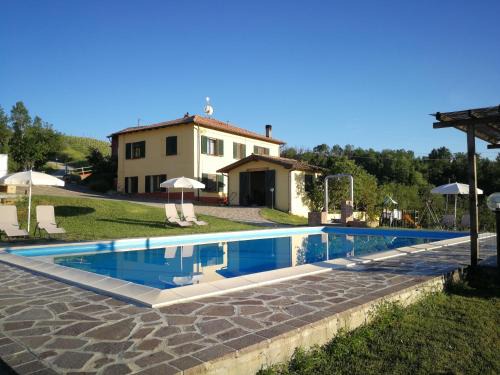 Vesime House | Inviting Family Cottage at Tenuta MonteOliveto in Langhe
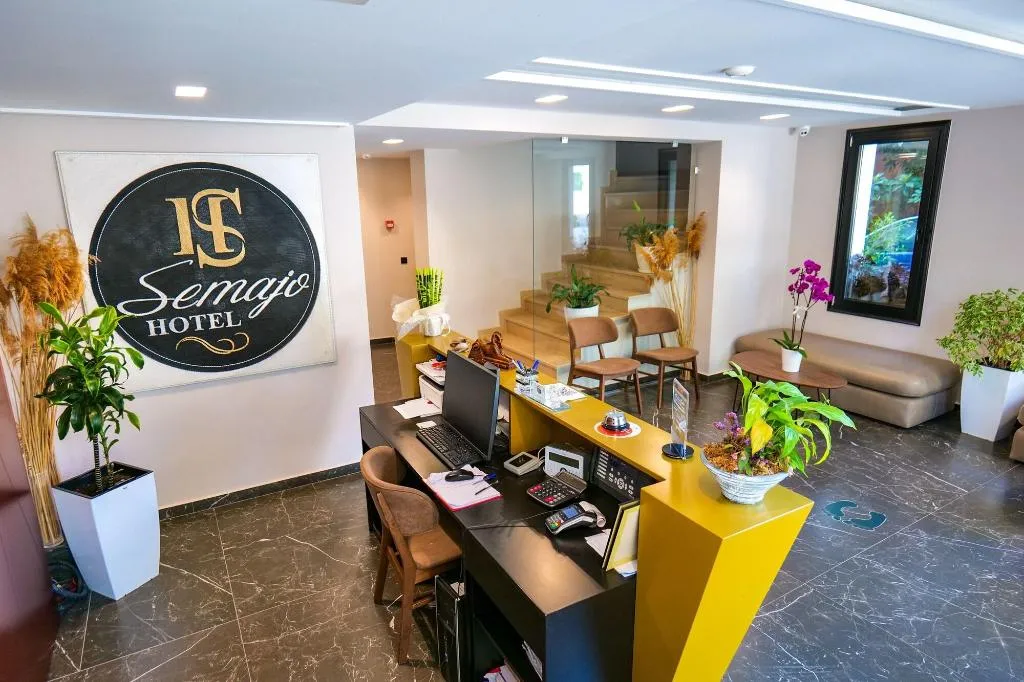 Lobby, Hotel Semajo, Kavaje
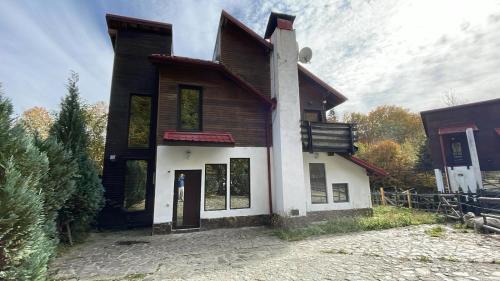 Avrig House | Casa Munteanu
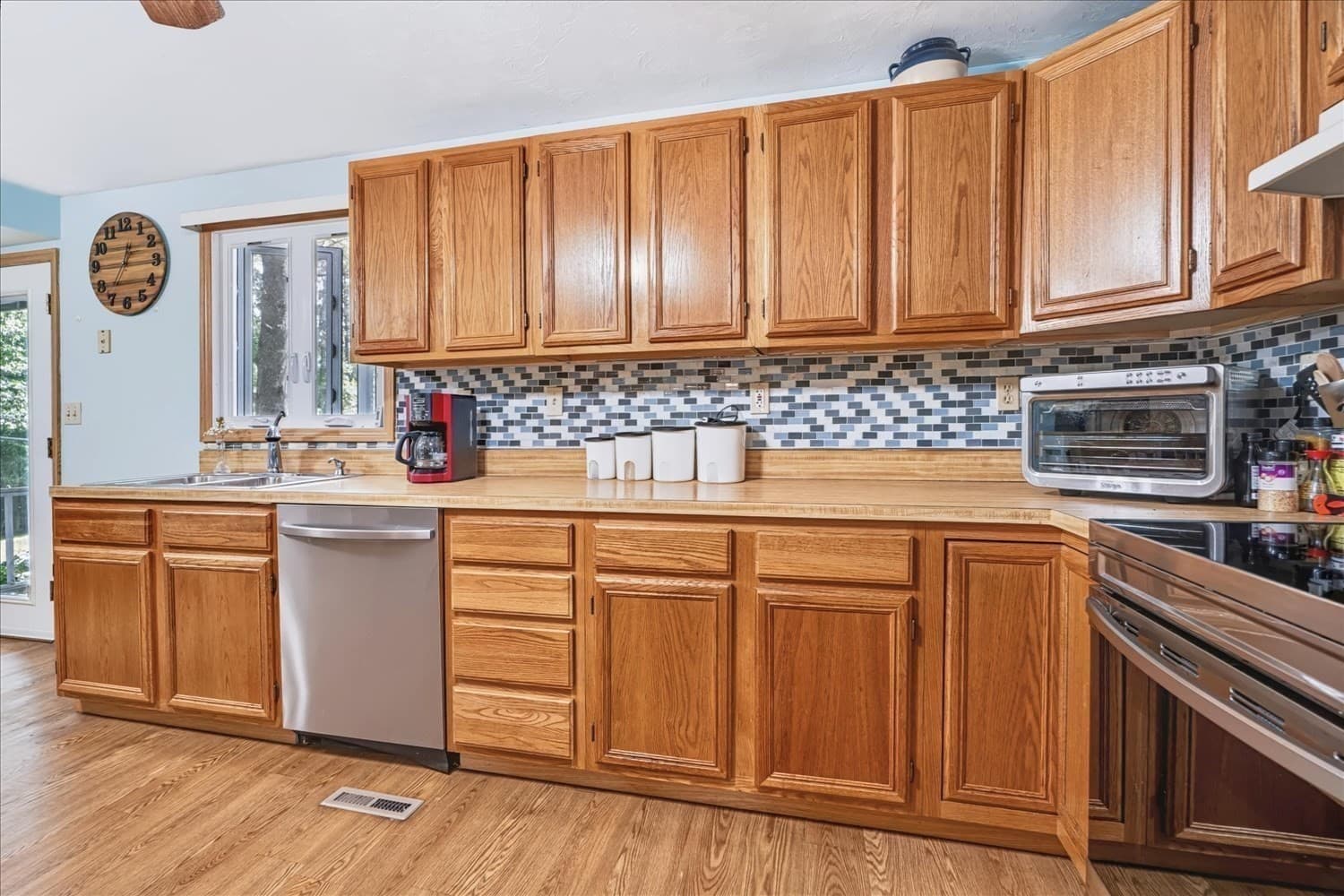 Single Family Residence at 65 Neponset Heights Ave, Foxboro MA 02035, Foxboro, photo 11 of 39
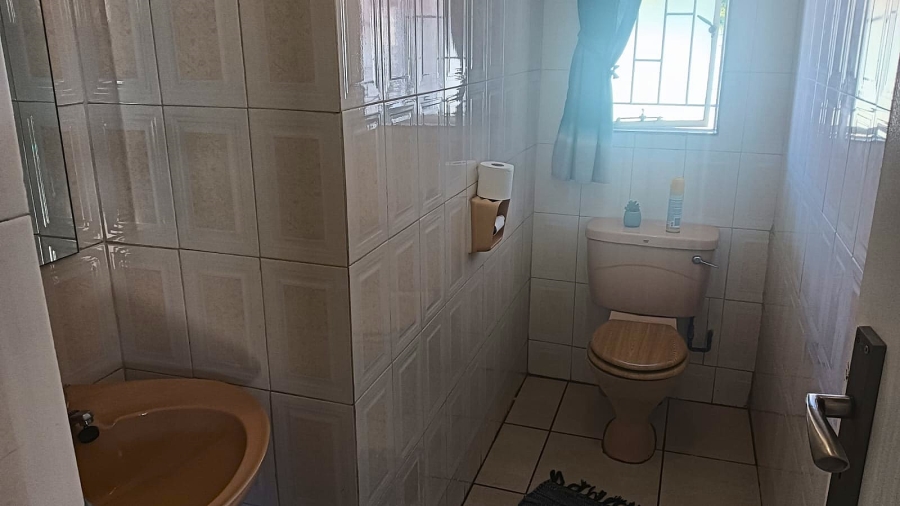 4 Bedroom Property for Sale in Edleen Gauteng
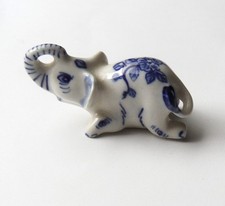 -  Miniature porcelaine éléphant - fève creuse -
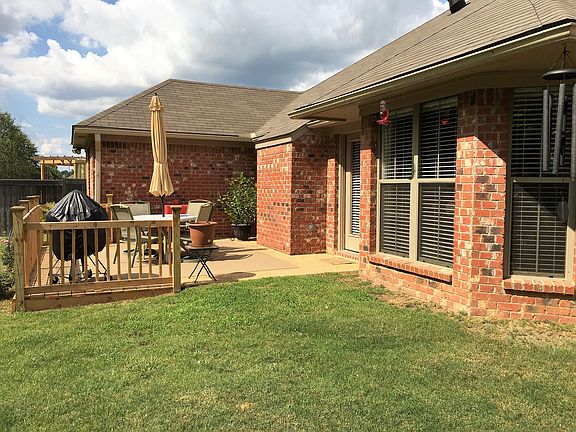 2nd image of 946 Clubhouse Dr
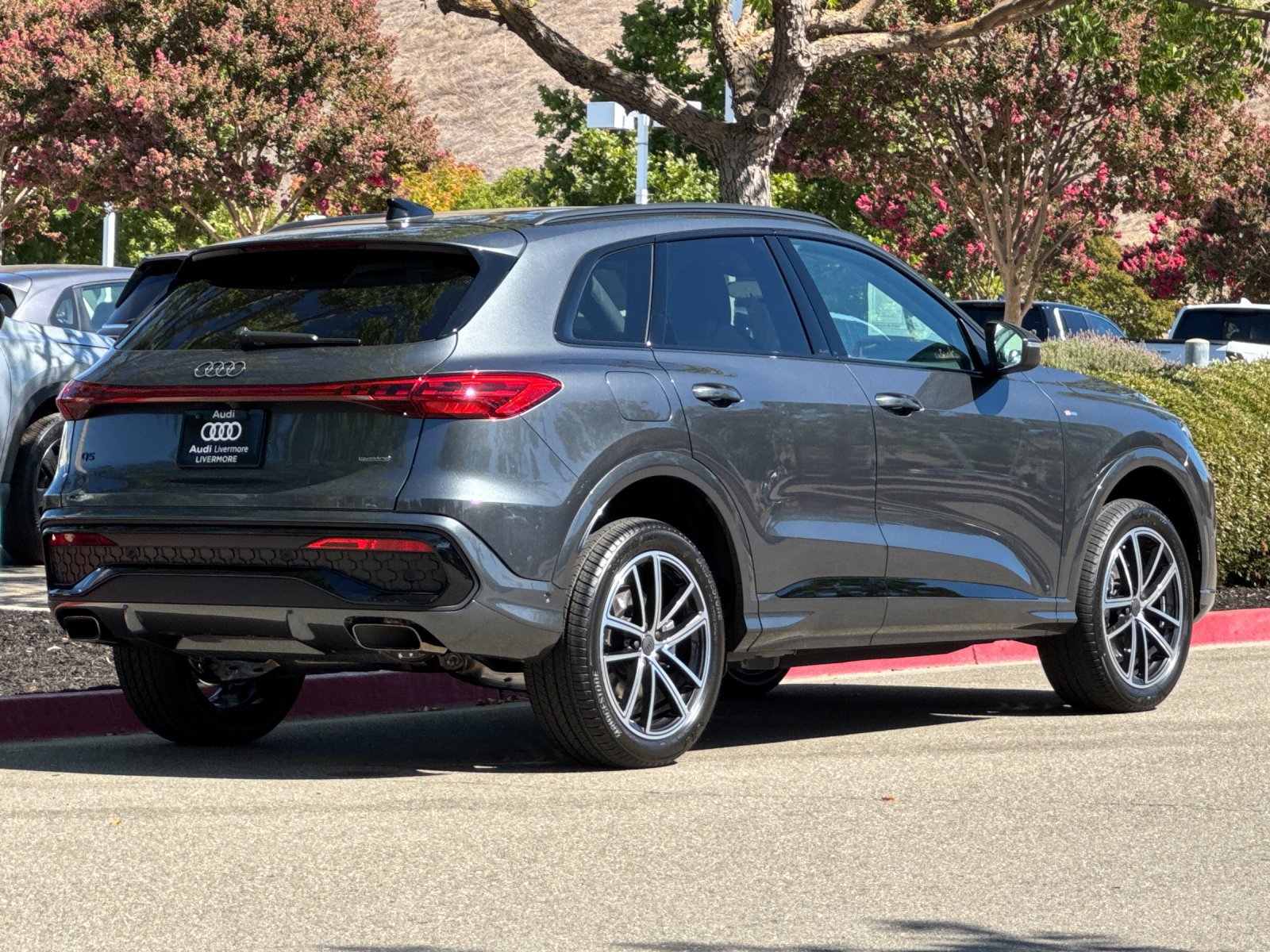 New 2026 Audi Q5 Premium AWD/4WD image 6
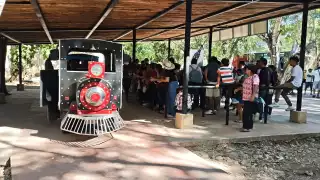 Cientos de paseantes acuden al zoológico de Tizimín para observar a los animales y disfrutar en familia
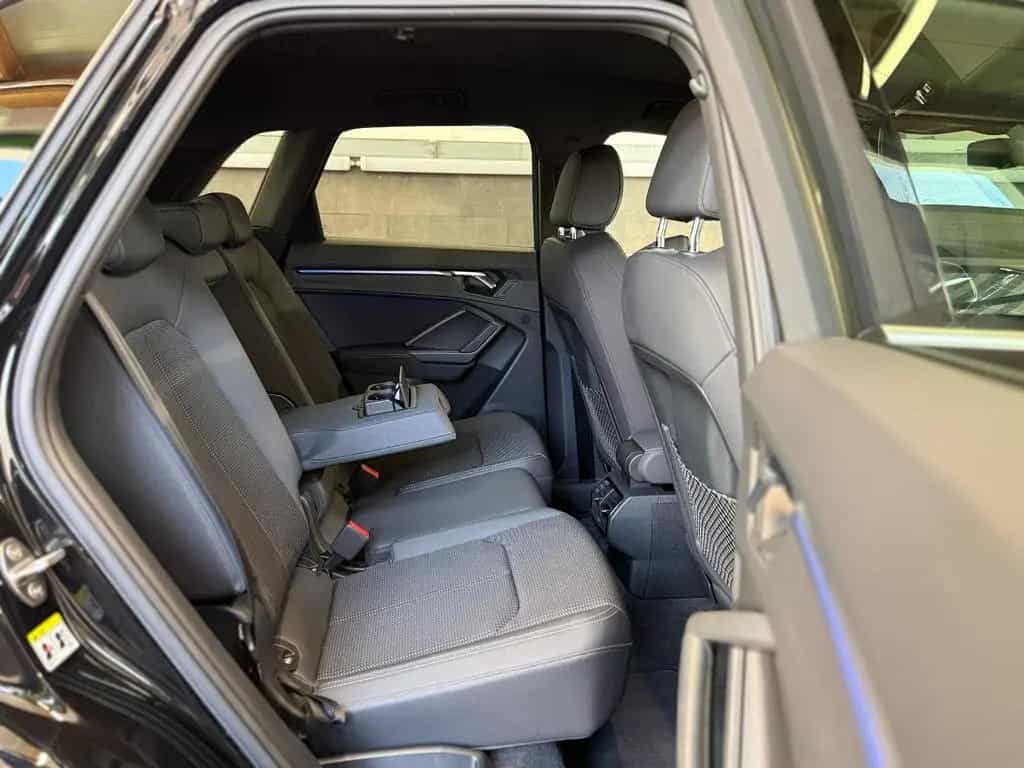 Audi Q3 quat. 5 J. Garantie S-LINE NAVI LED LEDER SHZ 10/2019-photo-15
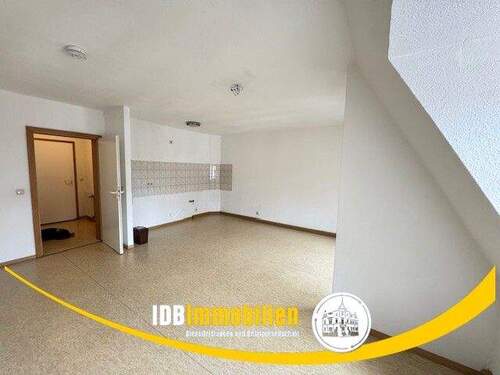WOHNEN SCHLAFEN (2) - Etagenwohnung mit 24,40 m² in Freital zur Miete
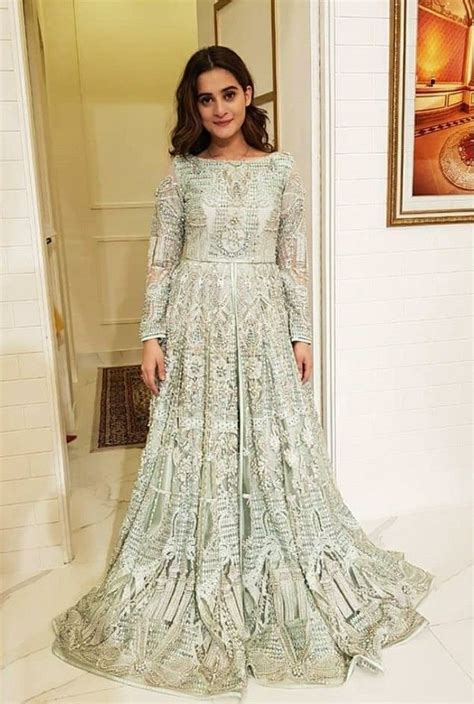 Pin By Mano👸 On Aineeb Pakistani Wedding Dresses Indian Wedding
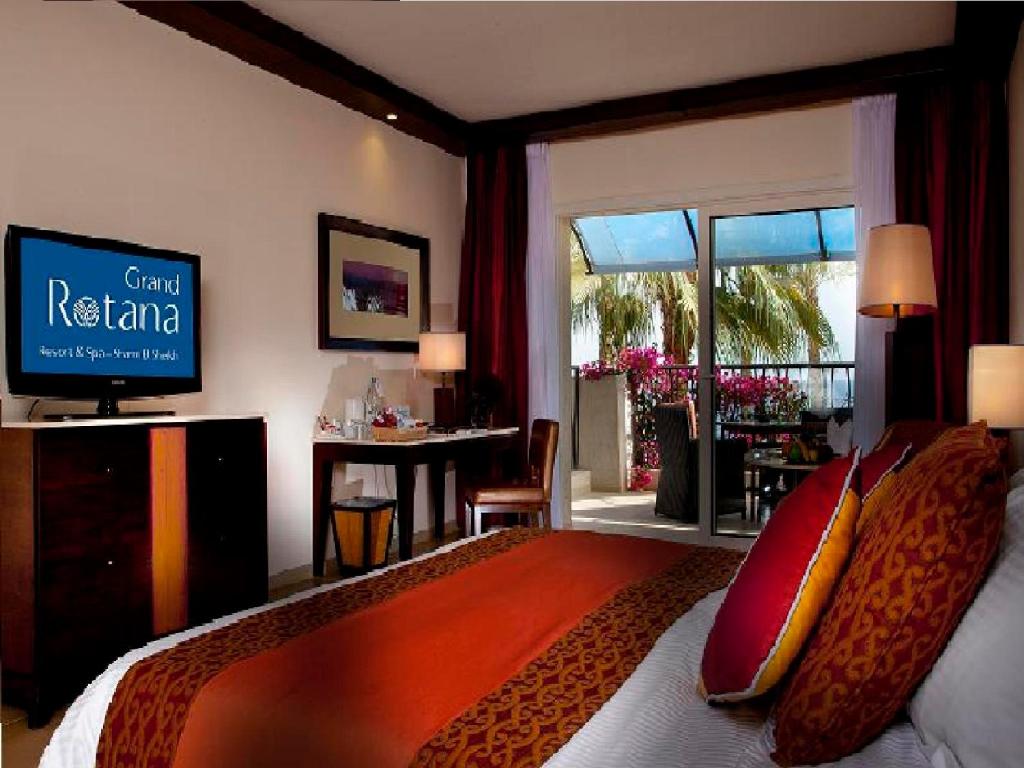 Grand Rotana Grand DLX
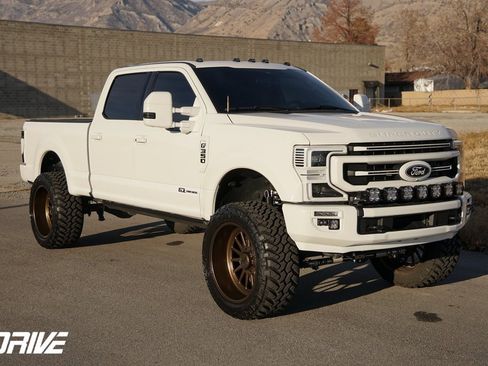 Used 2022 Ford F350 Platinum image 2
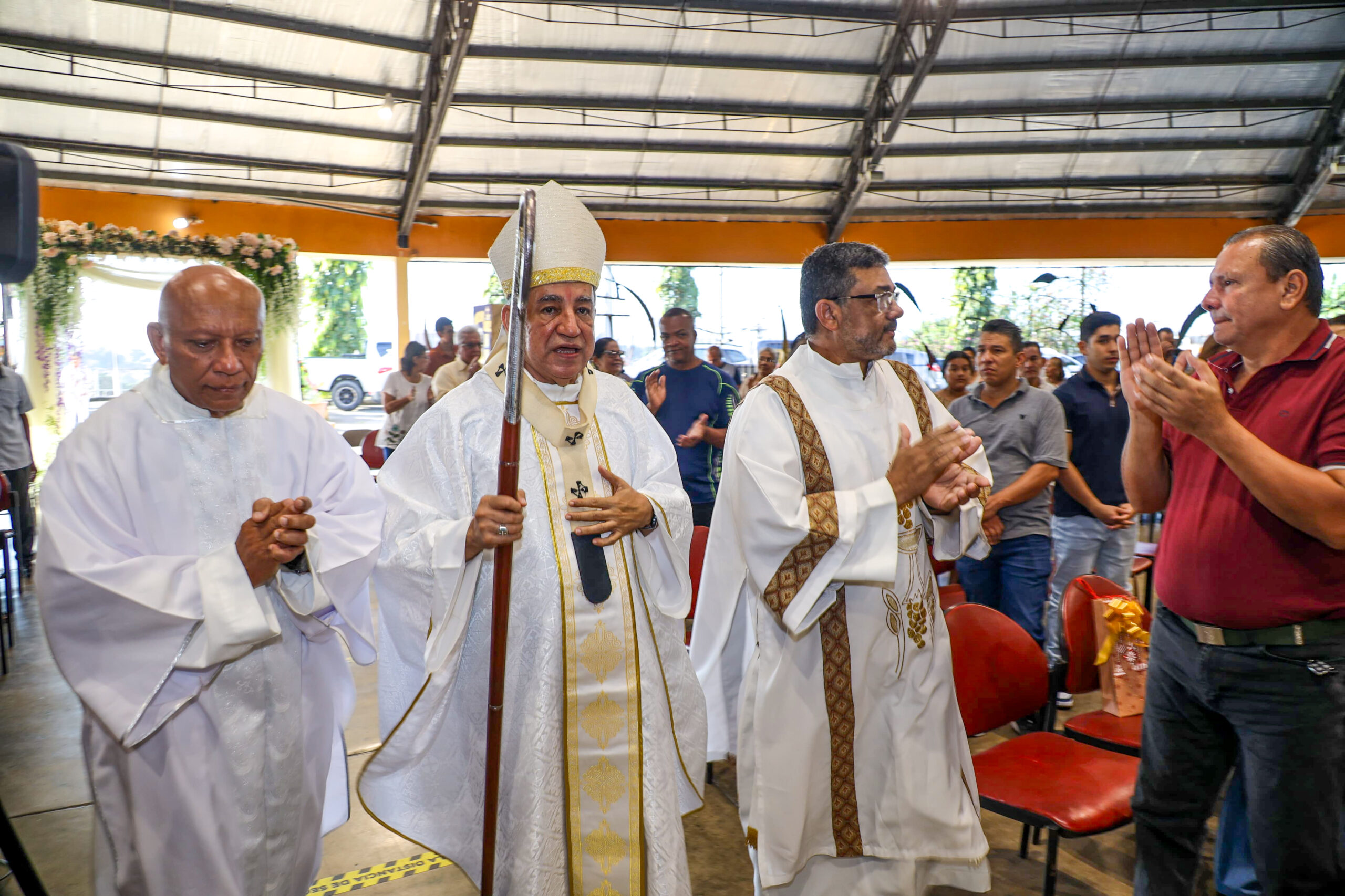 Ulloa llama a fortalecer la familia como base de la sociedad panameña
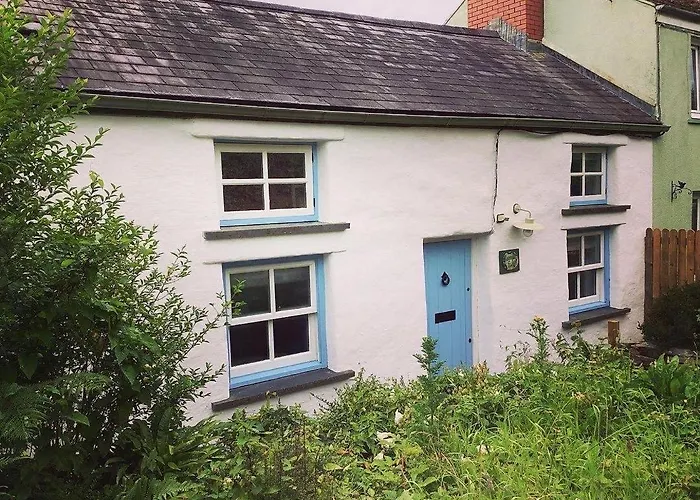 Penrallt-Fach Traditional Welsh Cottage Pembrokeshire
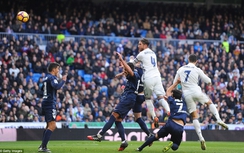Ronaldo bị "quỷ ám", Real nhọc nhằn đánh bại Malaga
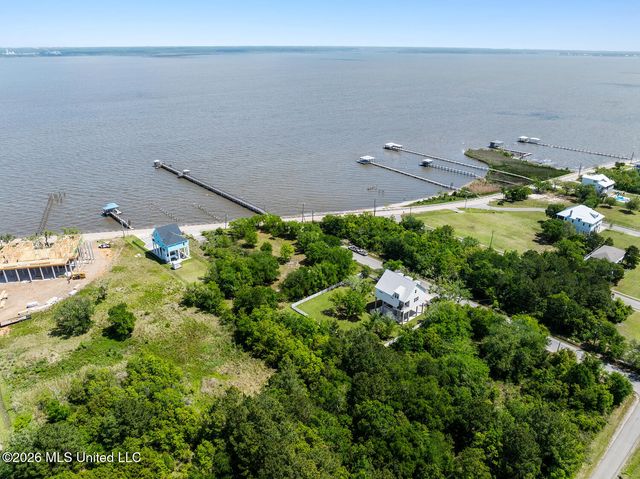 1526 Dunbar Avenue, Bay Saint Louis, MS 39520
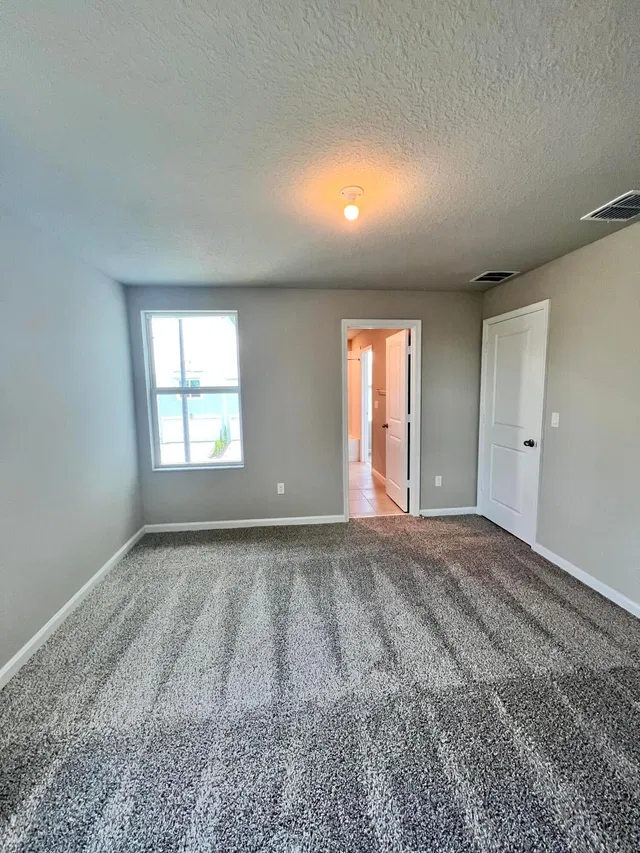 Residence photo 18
^^^^
What to produce
Copy the records above from the first line through the line containing "Used 2022 Ford F350 Platinum image 2", both included, and leave out any pictures.

Exercise output
 Vesime House | Inviting Family Cottage at Tenuta MonteOliveto in Langhe
 Lobby, Hotel Semajo, Kavaje
 Avrig House | Casa Munteanu
 Single Family Residence at 65 Neponset Heights Ave, Foxboro MA 02035, Foxboro, photo 11 of 39
 4 Bedroom Property for Sale in Edleen Gauteng
 -  Miniature porcelaine éléphant - fève creuse -
 2nd image of 946 Clubhouse Dr
 New 2026 Audi Q5 Premium AWD/4WD image 6
 Cientos de paseantes acuden al zoológico de Tizimín para observar a los animales y disfrutar en familia
 Audi Q3 quat. 5 J. Garantie S-LINE NAVI LED LEDER SHZ 10/2019-photo-15
WOHNEN SCHLAFEN (2) - Etagenwohnung mit 24,40 m² in Freital zur Miete
 Pin By Mano👸 On Aineeb Pakistani Wedding Dresses Indian Wedding
 Grand Rotana Grand DLX
 Used 2022 Ford F350 Platinum image 2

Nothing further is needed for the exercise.